News

Drake Covers GQ’s July Issue

blame it on Illy June 17, 2013

Drake graces the cover of GQ Magazine‘s July 2013 issue and in the cover story “How to Drake It in America,” Drizzy invites writer Michael Paterniti into his San Fernando Valley home to talk Nothing Was The Same, Chris Brown, sex not being a priority to him, and how he doesn’t really “live some crazy rapper life.”

On other rappers hating on him:
“You notice they don’t criticize the music itself, though…I’m okay with that.”

On being (sort of) abstinent:
“You know the way fighters don’t fuck before the fight? Sometimes I feel like I’m so focused on training my body and getting my mind right to create this album that sex isn’t one of my main priorities. If someone is around that I know and trust, I’m down. But I’m not going to end up with some stranger at this party.”

On Chris Brown drama:
“I hear he has everything he could want now. I don’t want my name to be synonymous with that guy’s name. I really don’t. I wish we could sit down just like you and me are right now, and talk it out man-to-man. But that’s not going to happen. I’m not confrontational, but if someone challenges, I’m not going to back down. If I think about it too much, I feel it wrapping around my foot, like I get a feeling it could end really badly…Like, it gets really dark.”

On love:
“[Will Smith said] It’s not about wanting anymore, you need that person. Hearing that, I don’t know if I’ve ever felt that way…I’ve made a lot of music about love being the only thing I’m missing. I think this is the first album I’ve made saying, ‘I’m okay, I’m enjoying it right now.’ Maybe this is my time to grind it out, make a run for it, and add some memories with my boys.”

On “Started From The Bottom”:
“I think a lot of people wish their favorite rapper wrote it—as if a song like that should be gangster—but I was the one who wrote it, and everyone has their bottom.”

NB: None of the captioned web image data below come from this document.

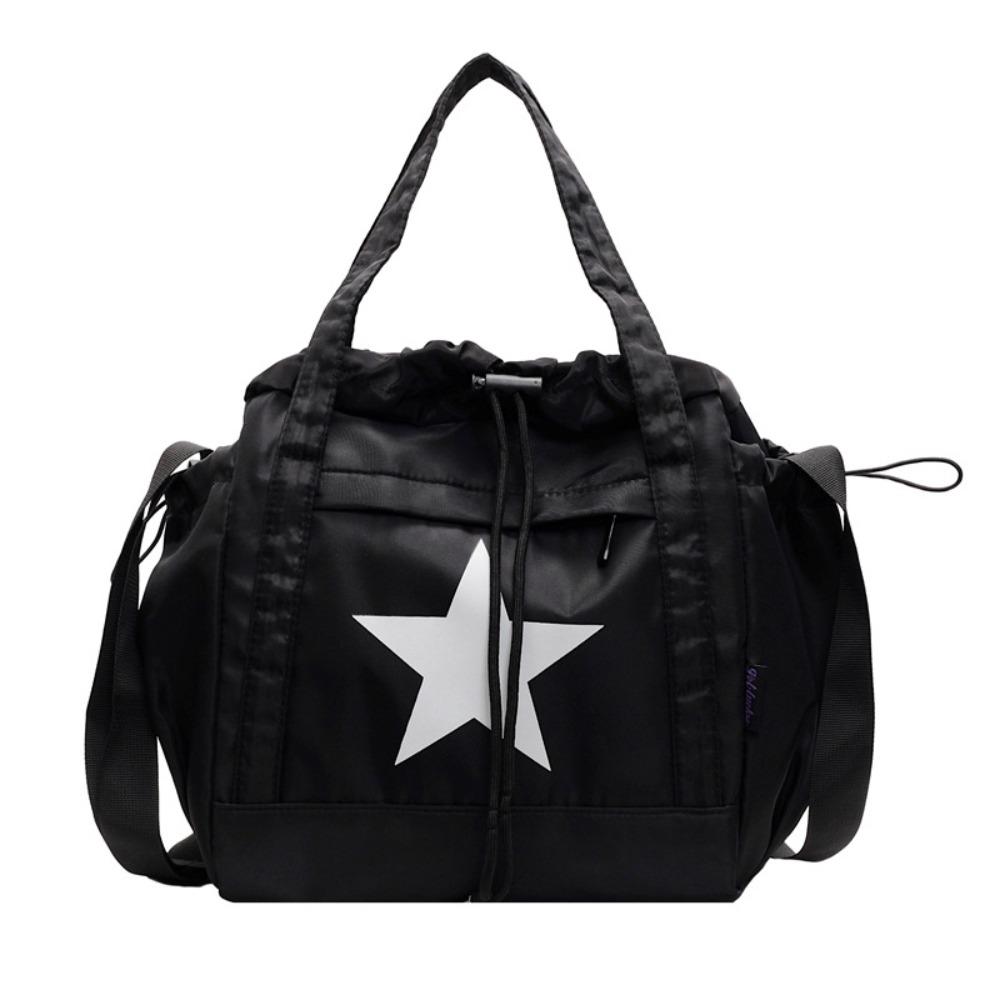 Nylon Star Tote Bag Drawstring Y2K Crossbody Bag Kawaii Large Capacity Shoulder Bag  Outdoor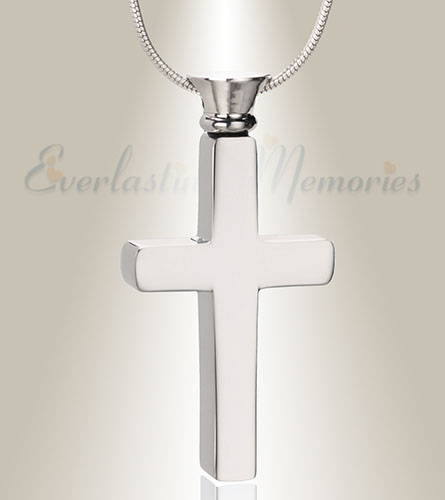 Silver Remembrance Cross Cremation Jewelry
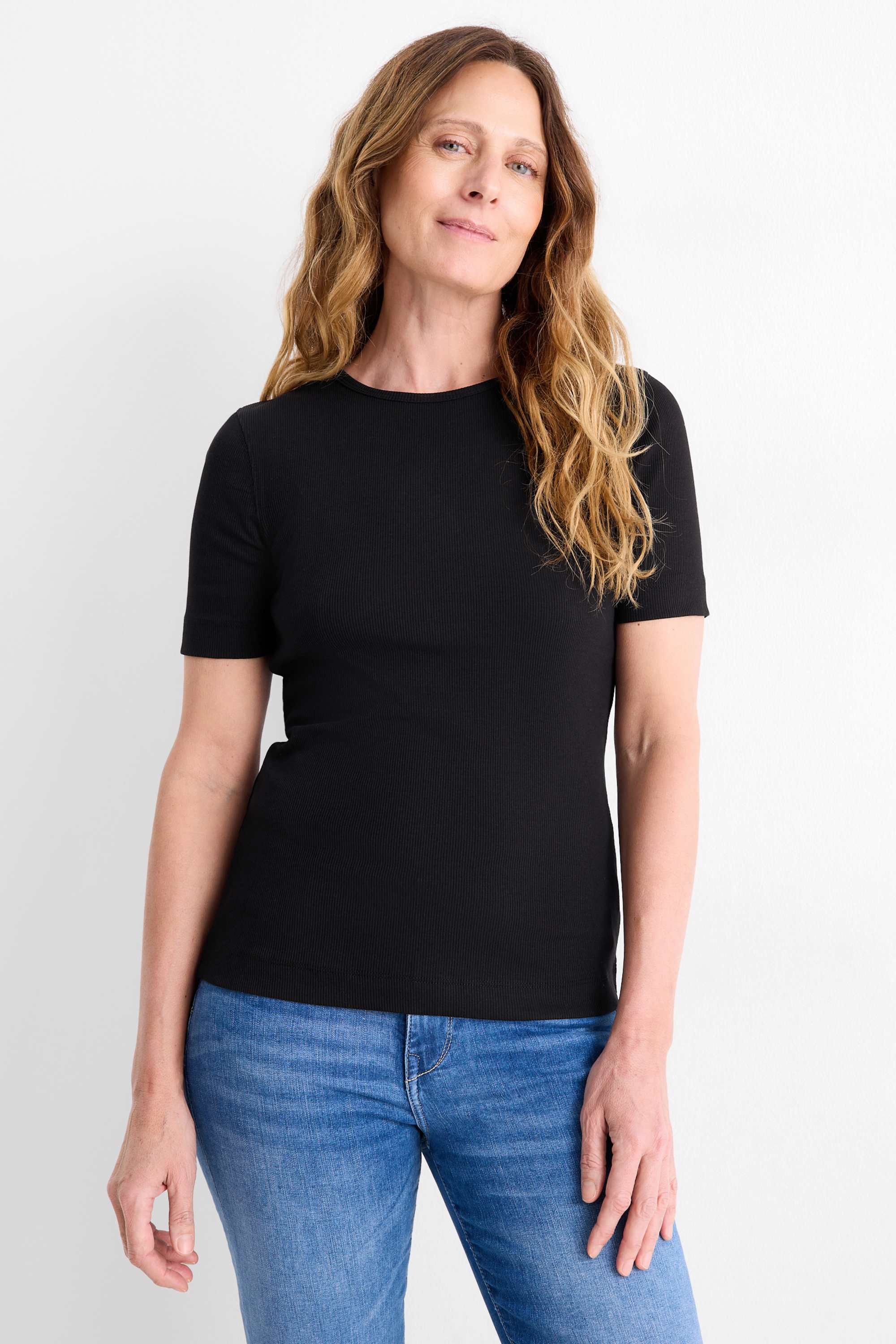 T-shirt - slim fit - ribbed black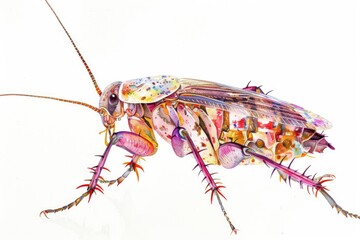 Wall Mural - a vibrant watercolor drawing of a bug on a white surface. ideal for educational materials or nature-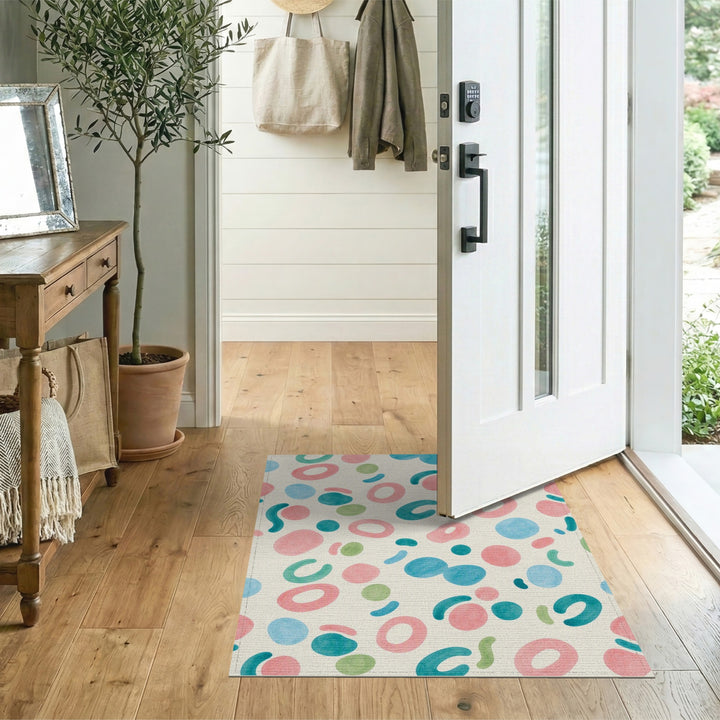 Multi-color and Patterns Abstract Multi-Color Washable Area Rug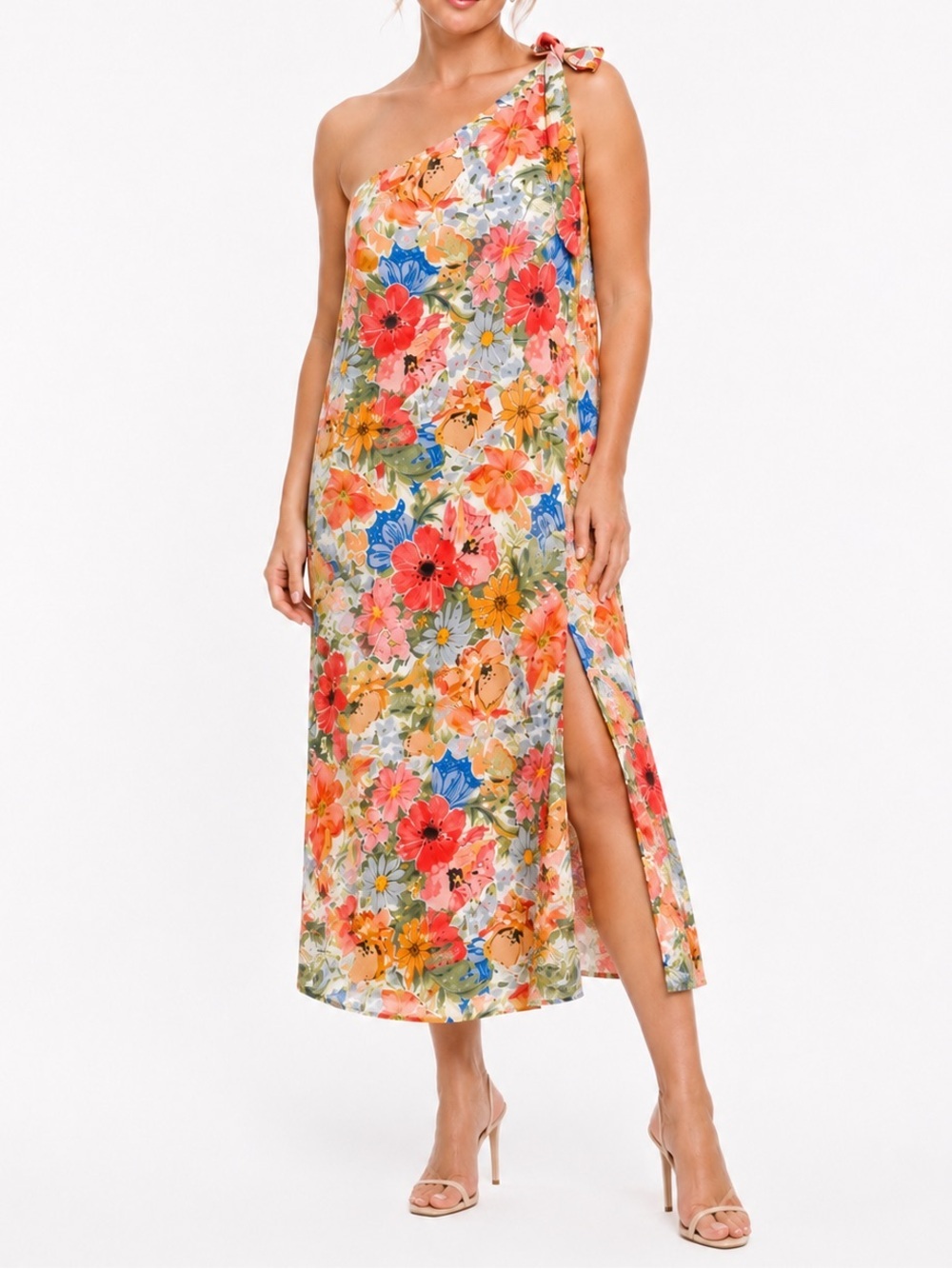 Hailey & Co One Shoulder Floral Maxi Dress Tie Shoulder Size L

“As for my whole story, I wouldn’t change a thing. I’ve told bits and pieces of it—and I’ll tell more. Maybe because I had friends who grew up in the hood, I could have acted like I had, too, and perpetrated a different lifestyle, and it would be eating away at me because it wouldn’t be the truth. i’m actually here in front of you living the truth. I wake up int he morning and my heart is light, man. It’s not heavy. I don’t have skeletons in the closet on their way out. This is my real age, my real name, my real past, and I’m good with that.”

On Nothing Was The Same:
“This is my fucking moment to say if I wanted to rap all the time, really rap, I would, but I also love to make music. I’ll do this for you right now. But it’s for me, too. It’s my story…I’m trying to get back to that kid in the basement. To say what he has to say. And I’m trying to make it last.”